DJ Dallas (centre, in Chez Moi T-shirt) and friends. Photo courtesy of Dallas Noftall.
Article originally published January 14, 2013 by The Grid online (thegridto.com).
In the 1980s, Toronto’s lesbian scene was underground—quite literally, as it was often relegated to out-of-sight basement venues. Here, Denise Benson revisits the club that changed all that.
BY: DENISE BENSON
Club: Chez Moi, 30 Hayden
Years in operation: 1984-1989
History: Though it may be difficult for younger dykes socializing in today’s Toronto to imagine, it wasn’t so long ago that queer women in this city had few options for meeting, dancing, and creating community.
From the late 1970s into the ’80s, there were occasional “Women’s Dances” (rarely was there a trendy title to be found) at venues including The Masonic Temple, The Party Centre, and The 519 Community Centre, as well as union halls, church basements and, well, basements in general. Lesbian bars were often dark, small, and far from central, although some—like The Blue Jay, Kit Kat Club, Deco’s, Fly By Night, Cameo, and The Warehouse—are still talked about lovingly in some lesbian circles. There were also mixed queer venues, like The Carriage House on Jarvis, The Quest on Yonge, and Katrina’s on St. Joseph, where gay women were very welcome.
By the time Chez Moi opened in 1984, there was a dearth of social spots for lesbians, despite the explosion of gay men’s bars on Yonge, Church, and surrounding streets. In fact, The Chez itself wasn’t even a dedicated spot for women when it first opened.
Located a block south of Bloor and about halfway between Yonge and Church, Chez Moi was owned by the Korenowsky family. It opened as Korenowsky’s in 1942, and, for decades, operated as a tavern serving food and drinks alongside live music. Over the years, Korenowsky’s was frequented by jazz fans, postal workers, students and business crowds alike.
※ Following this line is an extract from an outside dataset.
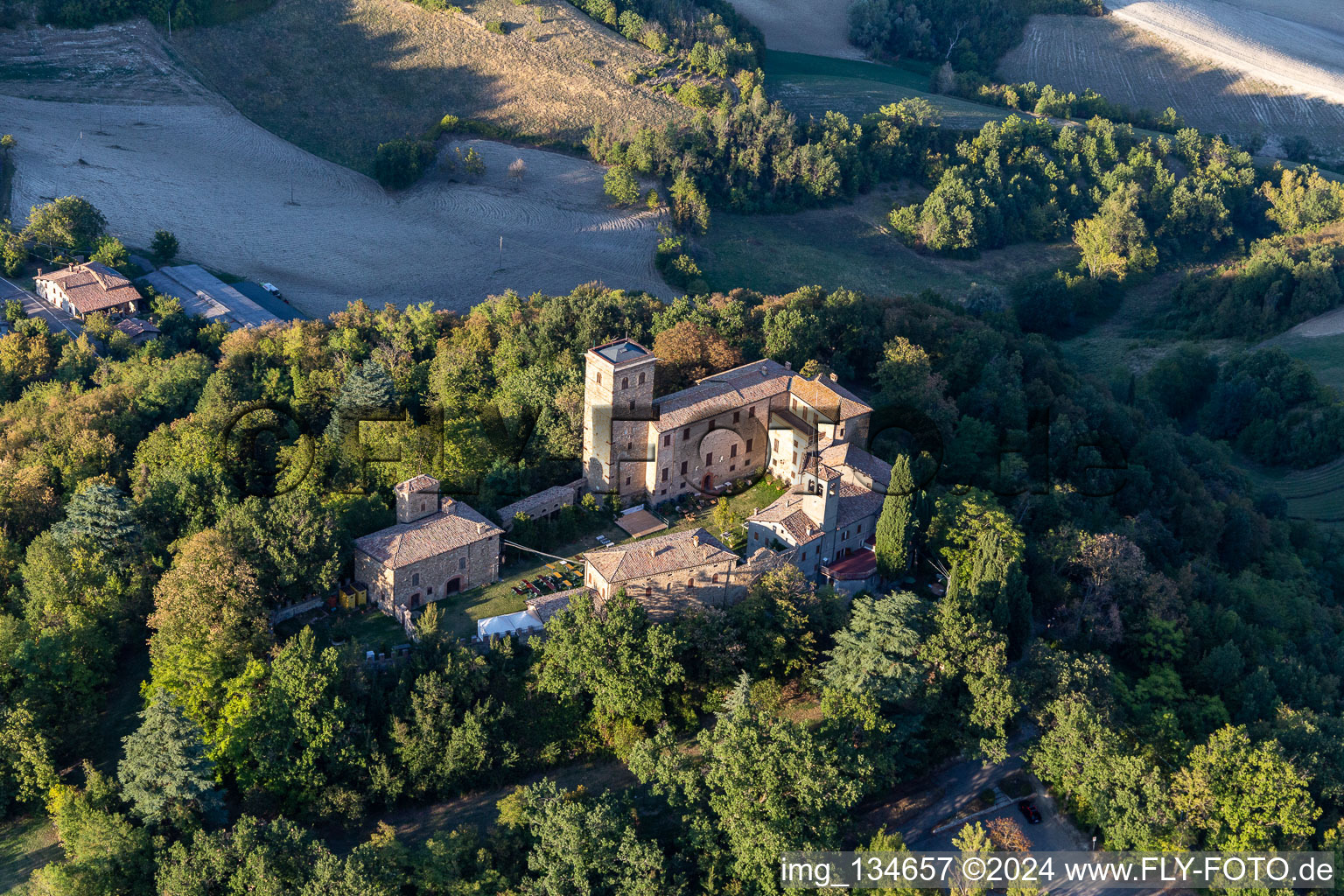 Oblique view of Montegibbio Castle Castello di Montegibbio in the district Il Poggio in Sassuolo in the state Modena, Italy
“My recollection is that Chez Moi was not a gay bar until the owner, Mr. Korenowsky, passed away,” recalls Rose Amato, a Chez customer who would later become close with the Korenowskys, and managed the bar for eight months. “When Mr. K was alive, they ran it as a straight jazz bar and tavern. It became gay once their son Russell started to manage it.”
Russell Korenowsky Sr. passed away in September of 1983. The venue would open as Chez Moi late in 1984.
While it’s said the ghost of Russell Korenowsky Sr. remained in the building—Amato tells me she and others would still smell his cigars in the office—it’s also understood that Mr. K would not have approved of his family running a gay establishment. Most of the people I spoke with mention that Russell Jr.—a.k.a. Rusty, a gay man himself—convinced his mother Lynn to give the gay crowd a go.
Bonnie Meyer—a rock and R&B musician who performed with a variety of projects during The Chez’ history, including in its pre-gay days of 1984—credits Sharon Flannigan for stoking the concept of a new women’s hangout. Flannigan, who passed away from cancer early last year, was well-known in the community for having organized lesbian events, including at her east-end Saturday dancehall, dubbed Flannigan’s.
“Sharon went to Mrs. Korenowsky when it was still a straight bar, back when they did businessmen’s luncheons and then served drinks and burgers and all that through the rest of the day,” recalls Meyer. “It wasn’t that busy, so they were likely losing money.
“Sharon said, ‘If you give this bar to me over the next three weekends, I’ll pack the place.’ They said, ‘Go ahead,’ and she did exactly that. She got out her phone book and called everybody.”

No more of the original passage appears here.